日本をふたたび「戦争をする国」にしかねないその危うい現実を、マスメディアがほとんど
報じない市民の反対運動の現場の声も伝えながら報告する。(吉田敏浩/写真はすべて筆者撮影)
◆「欠陥機」オスプレイを飛ばすのは米軍と自衛隊だけ
薄曇りの空から頭蓋を揺さぶるような重低音の爆音が響いてくる。見上げると、灰色の巨大な怪鳥じみた機体が旋回しながらみるみる近づく。短い両翼端に付いたローター(回転翼)を水平から斜めに、さらに垂直へと切り替えながら、草原の一角に向けて降下する。

陸上自衛隊(以下、陸自)の垂直離着陸輸送機V22オスプレイだ。今年7月に開設された陸自佐賀駐屯地配備の、17機中の1機である。機体胴部の日の丸がいかにも目立つ。
今年9月13日午前10時過ぎ、オスプレイはここ大分県別府市の高地にある陸自十文字原[じゅうもんじばる]演習場に飛来し、離着陸とホバリング(空中停止)の訓練を繰り返した。私は場外の道路脇からシャッターを何度も切った。

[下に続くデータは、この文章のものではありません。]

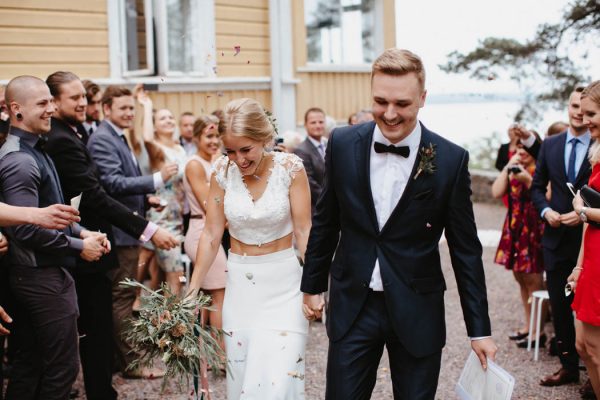 naturally-beautiful-waterfront-wedding-in-finland-patrick-karkkolainen-54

やがて、着陸した機体に自衛隊の給油車から航空機燃料が給油された。迷彩の戦闘服・ヘルメット姿の自衛隊員らが後部デッキから機内に乗り込む。兵員輸送の訓練だ。たちまち離陸したオスプレイは別府湾方面へ飛び去った。
オスプレイを配備しているのは、世界中で米軍と自衛隊だけである。米海兵隊のMV22や米空軍のCV22が多くの死傷者(今年10月の時点で死者65人)も出る墜落事故、不時着などを繰り返している。

オスプレイは、ローターにエンジンの動力を伝えるクラッチが一時的にはずれ、それがふたたびつながる際に衝撃が生じる「ハード・クラッチ・エンゲージメント」が起きやすく、そのためエンジンが故障して、機体が制御不能となるリスクを抱えることなどから、「欠陥機」とも呼ばれる。
自衛隊のV22も昨年10月、与那国島で機体損傷の事故を起こし、緊急着陸も複数回ある。そのような安全性を強く疑われるオスプレイが、佐賀空港に隣接する駐屯地に配備されてから、九州各地を訓練飛行で飛び交い、住民に墜落事故などの不安をもたらしている。